Monday, 4 August 2014

Smart designers could think universal

I have been managing with an ancient - unsmart - mobile phone for many years now, for two reasons: (i) the ineptness of most sixty plus people with electronic gizmos, and (ii) the conflict between needing two hands to operate a smart phone, on the one hand, and the fact that I am invariably walking with a crutch when the phone rings, on the other! As readers of this  blog might recall, I use a wheelchair when I can, but the lack of universal design in the planning of most public spaces and buildings in India force me to get off my rear and painfully and unsteadily walk with my crutch in super-slow-motion (and this keeps my physiotherapist happy, besides). Just for fun, let me give you an idea of one peculiar set of problems I have to deal with on a daily basis. Here goes: my left hand has little or no feeling, so searching for something in my pocket with the left hand is problematic; I don't know if I have picked out my pen or my phone or if indeed I have picked anything out until I see what is, or is not, in my hand. The natural solution - you would say, as if to an idiot child - is to keep things only in a pocket accessed by the right hand, but I need my right hand for my crutch when I have to walk. And by what's his name's principle, the phone will invariably ring only when I am walking!

And I do need my phone for reasons unfamiliar to most people. I usually get dropped  as close as is possible to wherever I have to get out of the car and walk to wherever I have to go, and when I return to the `pick-up point', I have to call my driver to ask him to come and get me; and this happens three or four times a day. And it is not as if I wouldn't like to have the internet available at my fingertips. But as I said earlier, these `smart'  phones, which everybody tells me I should get, come with two inconvenient features for me: (i) you need two hands to operate them, and (ii) the icons are so small - in order to show the huge number of `smart' options that are available to the user - that something like every fourth key/icon that my nimble fingers hit is a wrong one. (This, by the way, is one reason that even when I use the larger keyboard of a laptop, my efforts are riddled with typos - z's and r's appear where they have no business to!)

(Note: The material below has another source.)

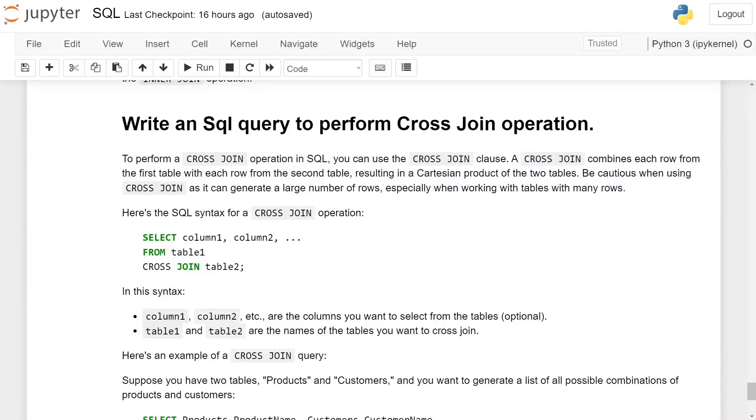Write an SQL query to perform cross-join operation. Perform a cross-join operation in SQL. You can use the cross-join clause. A cross-join combines each row from the first table with each row from the second table, resulting in a Cartesian product of two tables.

This post is an open letter to computer geeks to address my two problems above by coming up with a smart phone which (i) can be operated easily with one hand, and (ii) incorporate a mechanism whereby an icon blows up in size when one's finger is above it (Macs have this facility when the cursor goes over icons in the `dock';) and thereby permit me to sample the `smart' aids that are available to most people other than me. I am sure (ii) above would also help people with low vision. Some universal design please!